The love here is between a handsome young keyboard player and a beautiful deaf and dumb girl. The boy proposes but the girl disposes. Will the situation improve? Will they get together in the end? It is as simple as it seems with the physical disability being the reason for its existence.

The movie does have some nice material but the problem for me was that director Radhamohan could have decided to make it a bit more subtle. A lot more subtle, actually. That, of course, means that this movie is made for the mainstream audience (despite its purported critical acclaim) and that is not necessarily a bad thing (as substantiated by its box office success).

The first half of this film breezes through quite quickly but it gets a bit turgid towards the conclusion when it moves into the romantic comedy conflict zone. One interesting aspect is that you don’t feel for the dumb girl with a high self esteem and short temper. The film makes her seem normal enough to be unlikable, which is quite unexpected in a commercial film, but it focuses too much on her disability to treat her as a normal person. A movie that could successfully achieve this would be worth a watch but this isn’t it.

I wouldn’t rave about Jyothika’s work too much but Prithviraj and Prakash Raj make an impression fas does Swarnamalya. It was surprising to see Brahmanandam in a major comic part in a Tamil film but it is the sort of role that he gets in every second film.

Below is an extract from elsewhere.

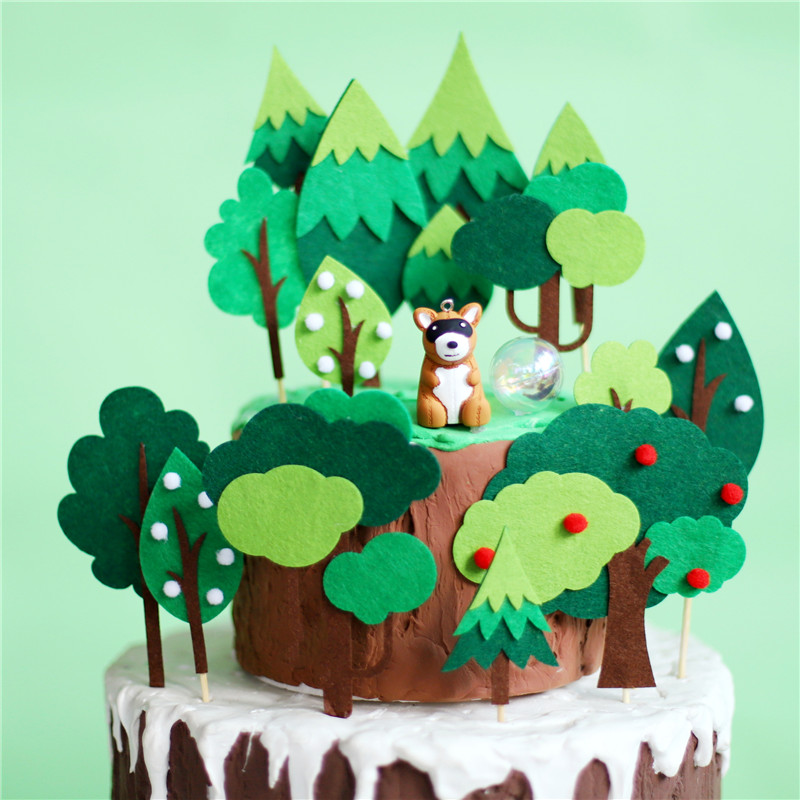 烘焙蛋糕装饰森林主题蛋糕插件毛毡树绿树松树树木插件派对甜品台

The tunes composed by Vidyasagar are quite beautiful (that was what pulled me to this movie in the first place) and the lyrics (Vairamuthu) seemed good too (the subtitles were definitely much better that what I’ve seen earlier with DVDs of south Indian movies).

Overall, this is a reasonably entertaining film that isn’t a bad watch. Just don’t expect it to be a realistic portrayal of an uncommon love story.

Parting Shot: In a movie that projects itself to be sensitive, making fun of an obese kid is clearly a major faux pas.